>>>>

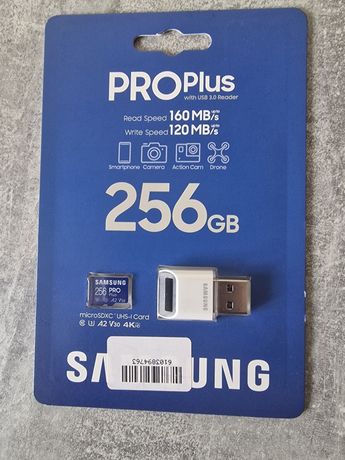 Karta pamięci Samsung PRO Plus microSDXC 256GB U3 A2 V30 + czytnik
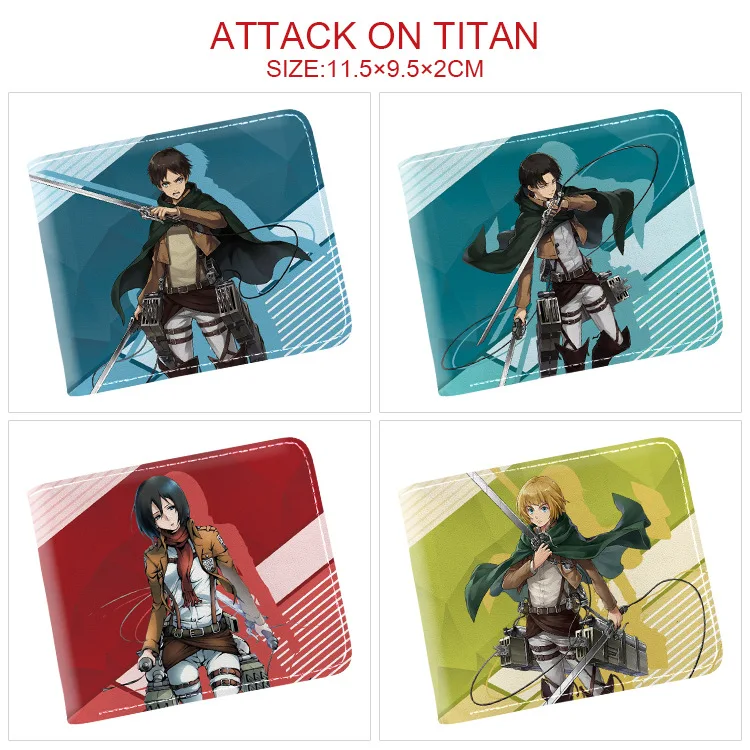 E-Mell Attack On Titan Eren Jager Ackerman Armin Arlert Erwin Smith Two Folded Short Wallet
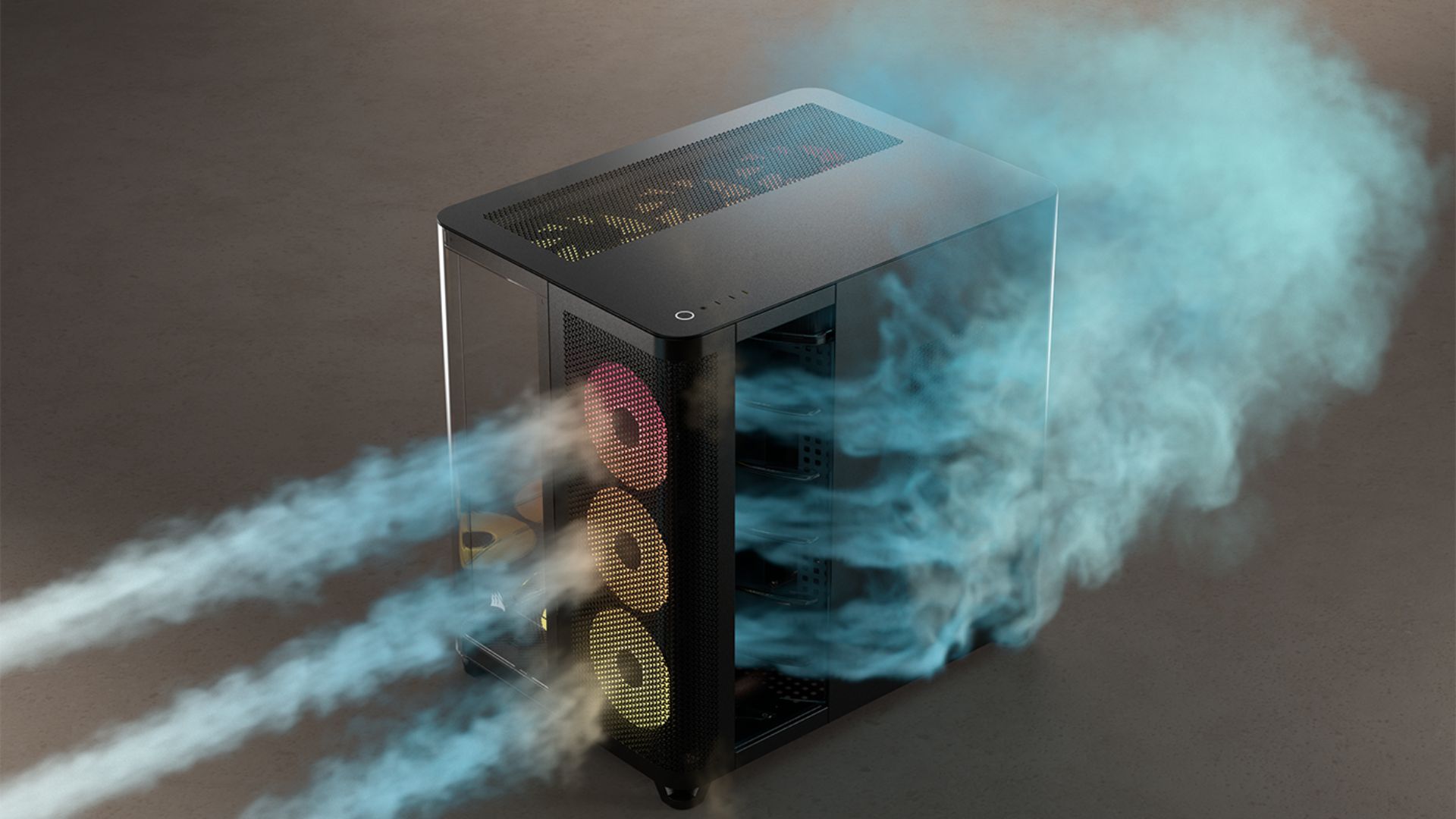 An airflow demo picture of the AIO chamber of the Corsair Air 5400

<<<<

> Aim of the exercise: Where pictures occur in the material above, omit them and return everything else exactly.

> Problem solution:
 Karta pamięci Samsung PRO Plus microSDXC 256GB U3 A2 V30 + czytnik
 E-Mell Attack On Titan Eren Jager Ackerman Armin Arlert Erwin Smith Two Folded Short Wallet
 An airflow demo picture of the AIO chamber of the Corsair Air 5400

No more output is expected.